# Wade fishing bolivar



## Dallas157 (Aug 3, 2013)

A guy told me about a sunken barge he waded around bolivar. I dont think he's talking about the Selma since he says he drive through Winnie to get there. Any idea where he's talking about??? Thanks in advance


----------



## Dallas157 (Aug 3, 2013)

I think it's called the pig pin. Just looking for a little help if anyone can point me the right way


----------



## Realvestor (Nov 19, 2009)

There used to be some old barges on the left side of the ferry landing in Bolivar. You can get to them from Frenchman's Rd. I used to wade there long ago. Good luck!


----------



## habanerojooz (Dec 4, 2006)

Realvestor said:


> There used to be some old barges on the left side of the ferry landing in Bolivar. You can get to them from Frenchman's Rd. I used to wade there long ago. Good luck!


^^This.

I used to wade them during flounder season many many years ago. Back then, I used to climb up and walk the barge and fish around the edges. I went back there last year and noticed that time and weather have rusted them down to virtually nothing.

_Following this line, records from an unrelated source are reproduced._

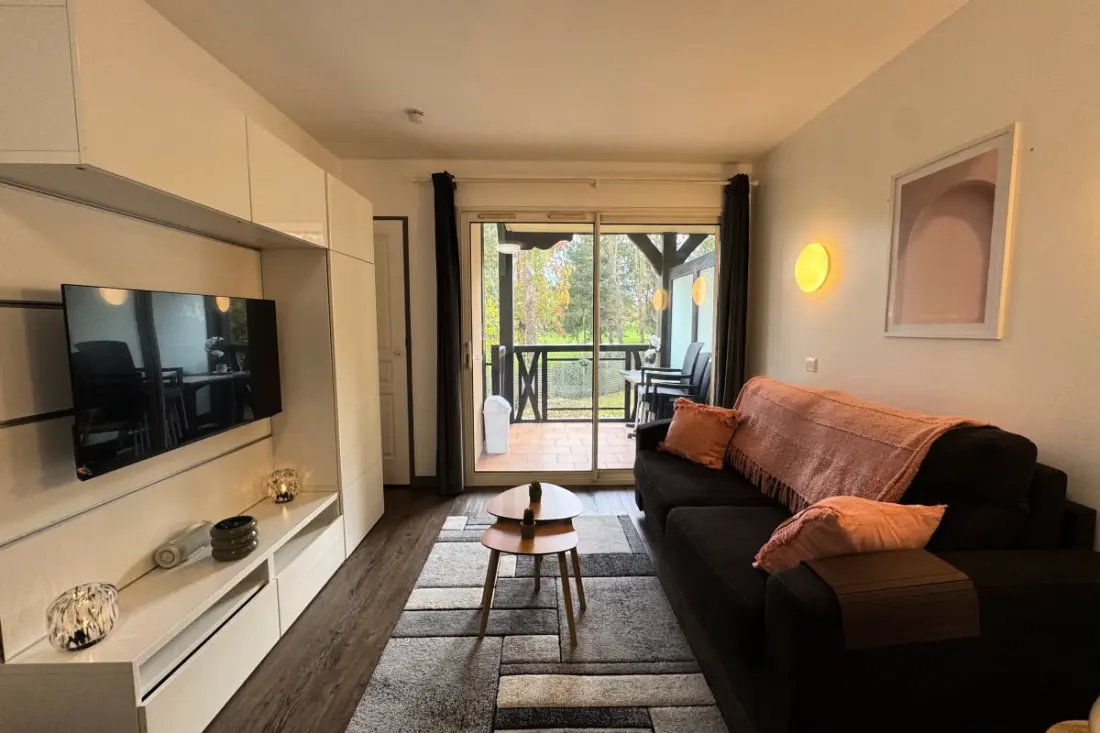 Appartement Lumineux Avec Piscine  Et Balcon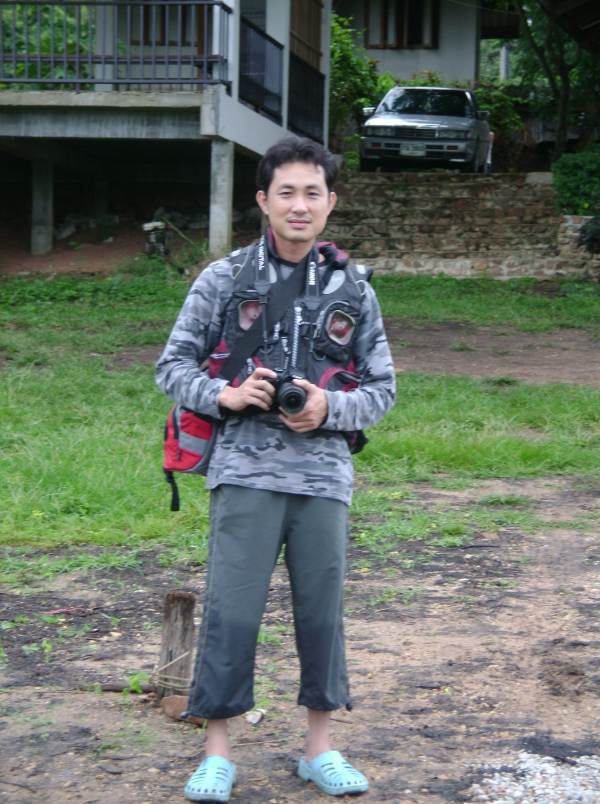 ...........ช่างภาพสุดหล่องานนี้ของเราครับ :grin: :grin: :grin: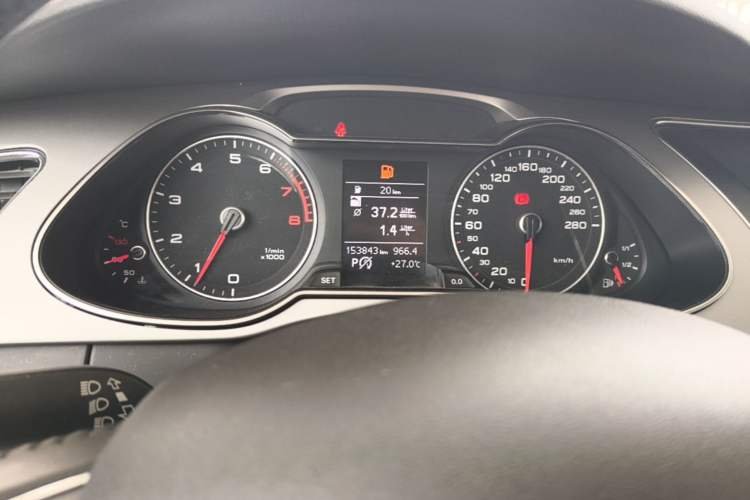 Used Audi A4L 2013 30 TFSI Automatic Comfort Model Odometer Close Up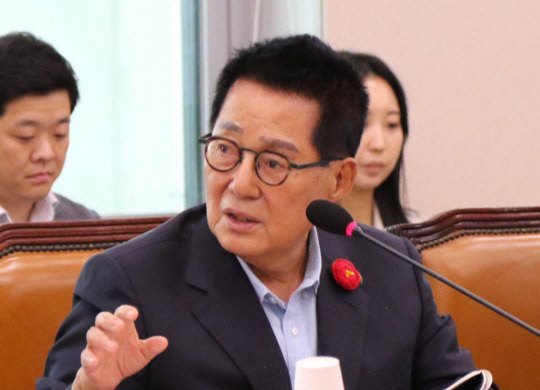“살다가 제일 반가워” 박지원의 ‘전광훈 대선 출마’ 반응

Sent from my iPhone using Tapatalk


----------



## Yort69 (Jan 31, 2011)

........


----------



## Ripin' Lips (Jul 3, 2012)

barges are on the right side of the ferry landing, not the left. If you are going by boat then the barges would be on the left. If going by car its on the right.


----------



## habanerojooz (Dec 4, 2006)

Ripin' Lips said:


> barges are on the right side of the ferry landing, not the left. If you are going by boat then the barges would be on the left. If going by car its on the right.


If taking the ferry from Galveston to Bolivar, the old sunken barge that I was speaking of is accessed via Frenchtown Road, which is the first left after getting off the ferry.


----------



## Ripin' Lips (Jul 3, 2012)

habanerojooz said:


> If taking the ferry from Galveston to Bolivar, the old sunken barge that I was speaking of is accessed via Frenchtown Road, which is the first left after getting off the ferry.


OP spoke of going thru Winnie which is why I commented on the barges being on the right side. You are correct, if coming from ferry then its a left.


----------



## POCsaltdog (Nov 26, 2014)

The only thing left is just a frame. You can look on google maps pro and clearly see it off the point. There's ample parking and this spot looks like it would get pretty crowded on the weekend.


----------